In true Jacob style, being the happy, laid back little boy he is, this did not stop him in chasing his dad around the house or playing with his 2 older sisters.
But knowing that something was not right, his parents took him to Gosford emergency that morning. And that is when their life was turned upside down.
The amazing team at Gosford knew this was more serious and did not hesitate to send Jacob to Westmead Children’s hospital where he would receive the best treatment available.
The next day, neurologist had discovered that Jacob had severe swelling in his spinal cord which had injured his phrenic nerve which caused paralysis down his arm and other polio like symptoms. By Wednesday, Jacob was struggling to breath.
By Friday, Jacob was fighting for his life and came hours away from death and had to be attached to a ventilator for him to survive. His doctors worked hard to find out what was causing this swelling on his spine and how could they make it stop.
This spinal cord injury was so rare to the doctors that they could not tell Jacobs family what had caused it, how long he will be intubated or if he was going to make a recovery.
3 weeks later and after many tests, Jacob finally had a diagnosis. He had contracted Enterovirus- this virus is commonly presented as a cold and can be mild, leaving no long term harm to many of its victims. However, in Jacobs case this virus pushed through to his spinal fluid causing the damage to his spinal cord.
1 month on and unfortunately Jacobs case has not seen any improvement. Long term, Jacob can not breath without the attachment of a ventilator and will need a lot of rehabilitation with his arm to gain movement back.

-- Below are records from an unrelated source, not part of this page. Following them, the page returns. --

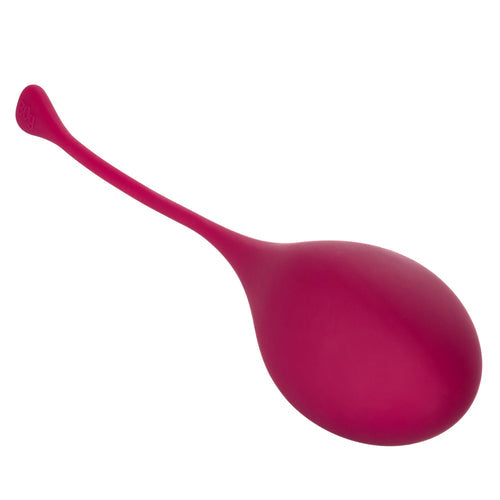 KEGEL TRAINING 5 PC SET - SE128050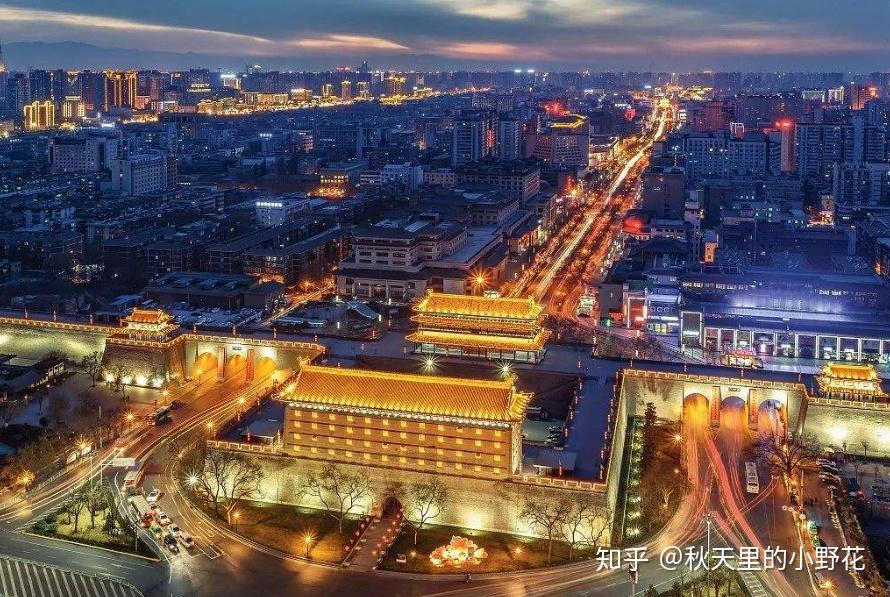 2024年澳門管家婆三肖100,澳門是中國歷史悠久的城市之一，隨著時代的發(fā)展，越來越多的人對澳門的文化、歷史和社會現(xiàn)象產生了濃厚的興趣。其中，關于澳門博彩業(yè)的話題一直備受關注。而關于澳門管家婆三肖和三肖預測等話題更是成為了博彩愛好者們關注的焦點之一。本文將探討關于澳門管家婆三肖的一些話題，并嘗試分析其在博彩行業(yè)中的影響。同時，本文也將對博彩行業(yè)進行理性思考，呼吁大家理性對待博彩活動。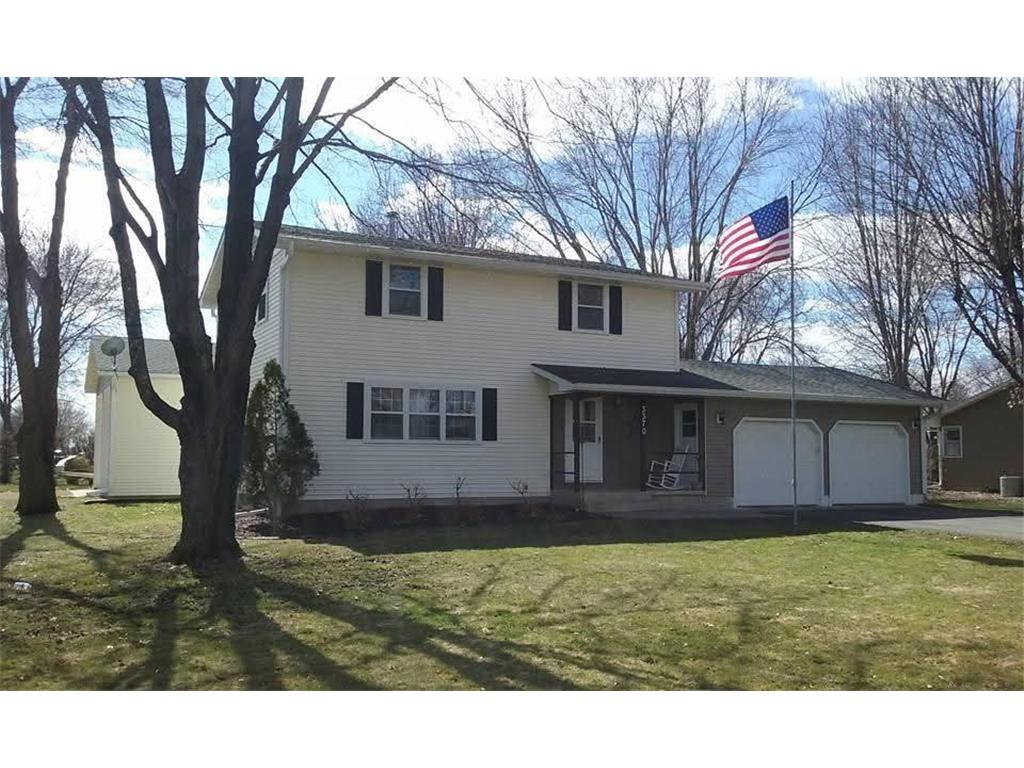 3370 197th Street W Empire MN 55024 6712548 image1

Unfortunately because the way this virus has affected his body and because it is so rare, doctors can not give Jacob or his family an expected outcome and his spinal cord may never heal from this.
Soon, Jacob will receive a diaphragmatic pacemaker to activate his diaphragm so hopefully we can minimise the time spent on a ventilator. This is such a rare procedure used in Australia they have a team in Cleveland America advising on the best way to handle his case. He will be the 16th child in Australia to receive a diaphragmatic pacemaker.
Due to the complexity of his injury, Jacob can be expected to be living in hospital away from home for the next 12 months. He will spend the next 6 months in ICU and the remaining time working on strengthening his diaphragm and learning to use his arm again.
Throughout all of this, Jacob is still such a happy, cheeky little boy who still manages to laugh and play pranks on a daily basis. He has shown strength and courage that you wouldn’t expect in such a young little boy.
With his parents by his side and 2 older sisters to still look after and such a long recovery expected, his family is going to come into financial hardship very soon.
Unfortunately the world does not stop and the bills do not stop coming in when you have a sick child, and being away from home makes it hard for this family to work and still be with Jacob.
Please dig deep for this family and help his parents stay by his side and help support they’re 2 other children.
This has turned Jacobs and his family’s life upside down and has changed their lives forever.
He was a happy, healthy little boy and if this has taught us anything, it’s to cherish your family and don’t take any of it for granted. Because things can change in the blink of an eye.